The war in Ukraine has strained cooperation in space, with the International Space Station (ISS) a central issue in a war of words between Russia and the West. In late April, the head of Russia’s space program, Roscosmos, said that Russia would be withdrawing from the ISS, and would give partner nations 12 months’ notice in advance. However, in late May, the Director-General of the European Space Agency (ESA) said that the agency does not expect to terminate the joint operation of the station. Currently, as it stands, the 15 international partners operating the ISS have agreed to operate the station until 2024, when it will be decommissioned. Whilst some partners, including the US, have signalled their intent to extend the agreement, ceasing operations in 2028 or even 2030, Russia has not assented to these plans, and continue to work to the original 2024 deadline. Given that Roscosmos will give 12 months’ notice prior to exit, it is likely that if Russia does leave, it will be withdrawing on schedule. Therefore, the statements from Roscosmos can be seen as political rhetoric rather than a change in policy.

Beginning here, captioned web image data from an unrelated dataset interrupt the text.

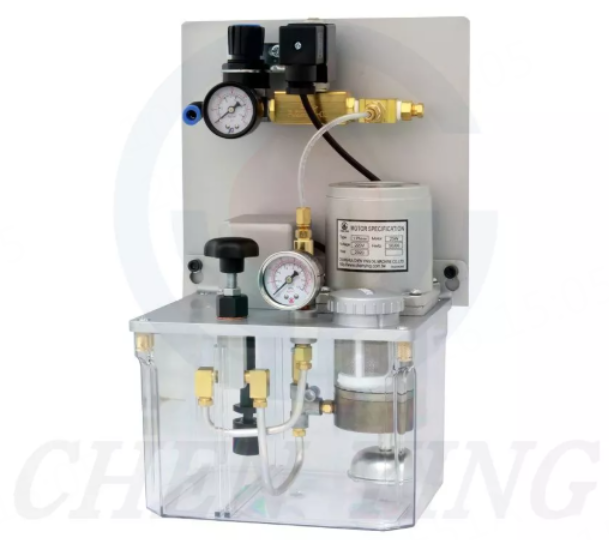 安多CEN25 立式油雾式电动注油机-PLC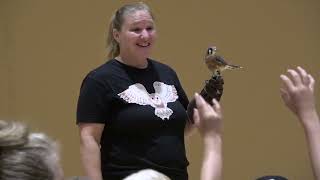 River Valley Raptors, Inc. A presentation at the RC Community Center.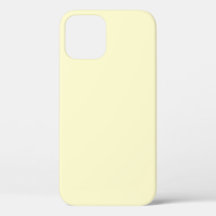 Color crema funda Iphone 12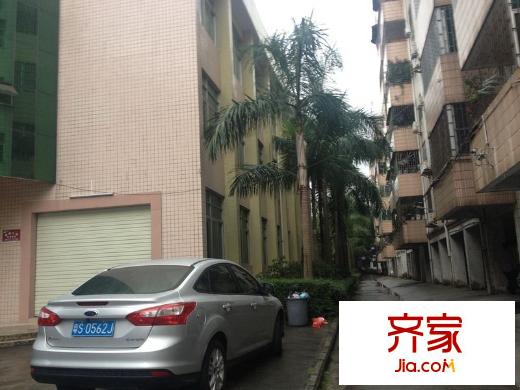 第二教師村外景圖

For partner nations open to extending the life of the ISS, a Russian exit causes an issue primarily in replacing the Soyuz rocket which has been instrumental in both constructing and supplying the station, as well as keeping the station in orbit with regular boosts. Since the 2003 Space Shuttle Columbia disaster, and the Space Shuttle’s subsequent retirement in 2011, Soyuz has been critical to the success of the ISS. The rocket has performed around 60% of crewed and un-crewed missions to man and resupply the station. For a decade, there have been few Western alternatives that can match Soyuz in terms of reliability and value-for-money. However, the war in Ukraine has arrived at a moment in the development of the Western space industry where several platforms and companies are reaching maturity. For example, Nasa has begun testing the Northrop Grumman’s Cygnus spacecraft for use in periodic reboots to keep the station in orbit. Additionally, in 2020 SpaceX successfully launched Nasa astronauts to the ISS in its Crew Dragon craft. Whilst the West has previously relied on Russian involvement in the ISS program, this is no longer the case. Therefore, the greatest threat to the ISS, and the space environment in general, posed by the war in Ukraine is a degradation of the cooperative spirit which had previously existed.

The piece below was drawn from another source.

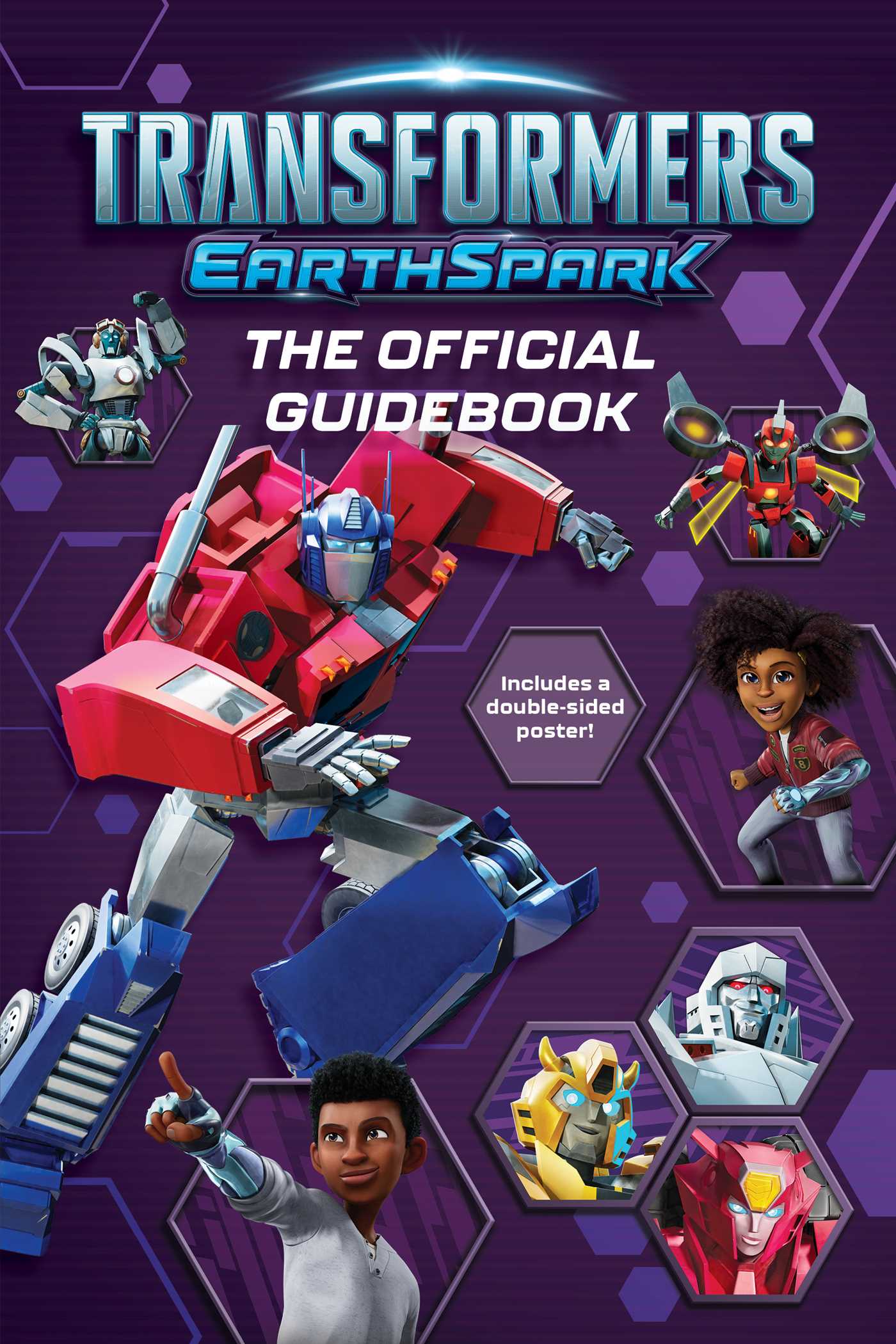 Transformers EarthSpark The Official Guidebook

The space environment is becoming increasingly insular, with a growing group of individual nations pursuing separate programs independently. The future of the Russian space industry is quite bleak, given the intensity of sanctions imposed following the invasion of Ukraine. Indeed, Russia is already suffering from a shortage of vital technological components. Currently, Roscosmos is planning to replace the ISS with a national station called the Russian Orbital Service Station (ROSS), which will be placed in a 400km sun-synchronous orbit allowing for high-frequency observations of Russia and easier access to the station. The core module of ROSS, (Science Power Module-1), was scheduled to be launched in 2024 as Russian left the ISS. Following a redesign delay, Science Power Module-1 is now scheduled for launch in 2025. However, Ukraine-related sanctions will make R&D difficult, and this schedule could slip even further. Additionally, there is limited scope for international cooperation to support the Russian space industry. There is no longer an operational need in the West for Russian rockets, with viable Western platforms. This, combined with a prevailing anti-Kremlin political spirit, renders the West a closed market to the Russian space industry. However, even countries which have been less damning of Russia’s invasion of Ukraine, such as China and India, are not definite opportunities for the Russian space industry. Both are developing national space programs, with China rapidly developing a capable domestic industrial base. Whilst Russia may be able to procure parts and technology from these countries, collaborative programs are unlikely.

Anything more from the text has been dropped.